Un feu d'artifice se met à crépiter dans mon ventre. Mes lèvres en manque de ses baisers se rapprochent des siennes pour les cueillir enfin mais il se détourne. Interloquée, je me redresse pour l'interroger du regard.
-Je dois trimballer un tas de microbes Candice, il est hors de question que je te les refile.
-Je m'en fiche Ethan, il est hors de question que je passe encore une seule minute ici sans t'embrasser.
Ses sourcils se froncent tandis que son sourire renait. Je laisse mes mains plonger dans ses mèches brunes et lorsque j'approche mon visage du sien, il me laisse nous goûter à nouveau. Au moment où mes lèvres fusionnent avec les siennes, un éclair foudroyant d'amour me terrasse de la tête aux pieds. Ma peau se recouvre de minuscules frissons et je me mets à trembler entre ses bras. J'avais oublié à quel point c'est bon de le sentir à moi. A quel point seules ses lèvres ont la saveur de l'amour. A quel point seules ses caresses dessinent mon avenir.

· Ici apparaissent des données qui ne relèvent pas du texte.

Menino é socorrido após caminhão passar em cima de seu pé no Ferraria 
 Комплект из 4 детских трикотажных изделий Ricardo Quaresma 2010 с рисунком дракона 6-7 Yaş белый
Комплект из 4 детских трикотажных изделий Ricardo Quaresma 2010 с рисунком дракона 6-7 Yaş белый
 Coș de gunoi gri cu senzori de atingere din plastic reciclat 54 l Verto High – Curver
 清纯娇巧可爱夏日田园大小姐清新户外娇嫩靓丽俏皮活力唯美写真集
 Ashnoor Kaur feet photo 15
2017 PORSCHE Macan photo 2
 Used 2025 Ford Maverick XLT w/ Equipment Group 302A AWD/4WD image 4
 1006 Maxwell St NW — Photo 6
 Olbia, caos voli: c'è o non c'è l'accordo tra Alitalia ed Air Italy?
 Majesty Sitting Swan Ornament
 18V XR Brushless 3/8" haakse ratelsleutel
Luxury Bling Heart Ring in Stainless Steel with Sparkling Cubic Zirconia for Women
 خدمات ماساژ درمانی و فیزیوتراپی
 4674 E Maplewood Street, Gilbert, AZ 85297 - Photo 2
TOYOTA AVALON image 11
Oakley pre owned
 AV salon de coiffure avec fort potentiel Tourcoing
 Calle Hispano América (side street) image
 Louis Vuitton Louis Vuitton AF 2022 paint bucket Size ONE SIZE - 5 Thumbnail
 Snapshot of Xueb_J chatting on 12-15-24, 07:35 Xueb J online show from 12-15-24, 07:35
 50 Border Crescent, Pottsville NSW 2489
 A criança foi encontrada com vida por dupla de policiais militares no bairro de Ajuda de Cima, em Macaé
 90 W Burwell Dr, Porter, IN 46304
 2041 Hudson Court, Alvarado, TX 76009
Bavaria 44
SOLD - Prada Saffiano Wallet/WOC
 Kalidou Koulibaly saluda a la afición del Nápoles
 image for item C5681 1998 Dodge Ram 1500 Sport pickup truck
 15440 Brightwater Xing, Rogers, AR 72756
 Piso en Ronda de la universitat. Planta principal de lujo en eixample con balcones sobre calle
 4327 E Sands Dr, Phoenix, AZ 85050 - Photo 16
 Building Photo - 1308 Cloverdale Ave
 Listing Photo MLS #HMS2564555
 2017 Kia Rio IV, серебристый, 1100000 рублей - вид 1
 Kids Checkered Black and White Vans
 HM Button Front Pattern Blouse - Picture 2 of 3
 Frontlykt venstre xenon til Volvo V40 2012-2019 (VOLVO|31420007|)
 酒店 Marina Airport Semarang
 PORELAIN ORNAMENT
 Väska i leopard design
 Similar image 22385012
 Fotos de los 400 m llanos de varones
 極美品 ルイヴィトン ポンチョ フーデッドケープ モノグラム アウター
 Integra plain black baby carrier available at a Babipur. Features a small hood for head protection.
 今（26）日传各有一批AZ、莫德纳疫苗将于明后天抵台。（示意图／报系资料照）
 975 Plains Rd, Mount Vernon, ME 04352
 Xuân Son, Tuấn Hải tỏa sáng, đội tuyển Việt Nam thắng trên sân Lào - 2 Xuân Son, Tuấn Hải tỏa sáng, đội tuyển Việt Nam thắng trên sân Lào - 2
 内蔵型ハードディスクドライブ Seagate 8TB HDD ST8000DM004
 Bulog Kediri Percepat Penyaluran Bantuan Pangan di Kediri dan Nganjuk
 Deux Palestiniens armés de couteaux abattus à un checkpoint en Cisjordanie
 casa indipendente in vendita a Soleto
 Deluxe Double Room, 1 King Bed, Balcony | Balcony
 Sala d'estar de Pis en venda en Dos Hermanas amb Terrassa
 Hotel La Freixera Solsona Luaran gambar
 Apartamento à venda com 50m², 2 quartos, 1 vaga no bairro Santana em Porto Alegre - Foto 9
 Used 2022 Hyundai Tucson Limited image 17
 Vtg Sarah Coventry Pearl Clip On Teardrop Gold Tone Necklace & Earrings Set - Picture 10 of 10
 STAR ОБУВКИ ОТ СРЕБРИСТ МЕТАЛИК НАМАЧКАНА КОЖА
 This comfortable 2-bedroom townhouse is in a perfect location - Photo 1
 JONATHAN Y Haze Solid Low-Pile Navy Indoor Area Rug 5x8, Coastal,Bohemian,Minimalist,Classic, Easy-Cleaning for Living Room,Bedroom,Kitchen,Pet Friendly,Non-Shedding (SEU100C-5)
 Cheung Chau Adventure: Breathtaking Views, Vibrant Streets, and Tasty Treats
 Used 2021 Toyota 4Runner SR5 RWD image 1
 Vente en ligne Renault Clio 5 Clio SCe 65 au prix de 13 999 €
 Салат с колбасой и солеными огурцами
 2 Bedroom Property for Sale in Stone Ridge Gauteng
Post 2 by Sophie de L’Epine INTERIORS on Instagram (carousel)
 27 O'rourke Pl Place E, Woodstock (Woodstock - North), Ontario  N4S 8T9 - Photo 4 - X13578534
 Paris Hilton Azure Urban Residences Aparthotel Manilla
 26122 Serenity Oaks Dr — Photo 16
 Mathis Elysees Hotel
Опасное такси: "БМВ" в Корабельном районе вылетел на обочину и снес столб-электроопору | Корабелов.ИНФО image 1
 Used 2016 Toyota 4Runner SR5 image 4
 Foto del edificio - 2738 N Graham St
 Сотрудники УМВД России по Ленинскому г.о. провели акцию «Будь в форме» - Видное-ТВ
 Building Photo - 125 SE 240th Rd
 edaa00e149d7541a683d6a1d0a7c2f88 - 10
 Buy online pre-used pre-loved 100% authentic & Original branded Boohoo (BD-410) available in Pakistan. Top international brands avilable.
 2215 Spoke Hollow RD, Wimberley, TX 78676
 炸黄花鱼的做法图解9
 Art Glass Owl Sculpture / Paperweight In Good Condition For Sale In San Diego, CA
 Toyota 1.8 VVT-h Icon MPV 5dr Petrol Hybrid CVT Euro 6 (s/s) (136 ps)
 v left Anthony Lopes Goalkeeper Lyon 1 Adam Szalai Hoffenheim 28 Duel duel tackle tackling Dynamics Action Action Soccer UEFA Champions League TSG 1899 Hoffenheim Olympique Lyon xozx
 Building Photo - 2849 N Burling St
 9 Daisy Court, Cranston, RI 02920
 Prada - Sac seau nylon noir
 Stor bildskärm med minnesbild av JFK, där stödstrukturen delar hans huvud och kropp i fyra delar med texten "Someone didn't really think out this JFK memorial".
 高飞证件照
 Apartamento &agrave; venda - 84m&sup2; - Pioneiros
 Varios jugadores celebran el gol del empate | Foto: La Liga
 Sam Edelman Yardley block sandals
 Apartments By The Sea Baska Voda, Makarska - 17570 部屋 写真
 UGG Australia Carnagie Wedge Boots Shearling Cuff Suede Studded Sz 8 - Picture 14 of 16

Nos langues se rejoignent pour danser ensemble, se réapprivoisant en douceur. Le goût de ses baisers s'infiltre sous ma peau pour me marquer à l'encre indélébile et je soupire de bonheur. Nous ne formons plus qu'un. Je me love de plus belle contre son torse, mes lèvres laissant échapper un petit gémissement lorsqu'il dépose une armée de baisers sur la ligne de ma mâchoire. Immédiatement, mon cœur sursaute et mon ventre se contracte. Les caresses d'Ethan se font plus marquées au fil des secondes, je dois me retenir de fondre sous le désir qui nous envahit. La musique résonne entre les murs boisés de la taverne et nos pieds se mettent doucement à suivre le tempo. Je niche mon visage dans son cou pour humer l'odeur de sa peau qui m'a tant manqué tandis que les doigts de mon homme se nouent dans mes cheveux.
Et c'est ici, dans cette petite salle sombre, blottie dans ses bras, que je découvre cette sensation exquise. Celle de se sentir entière. Complète. Aimée. Heureuse.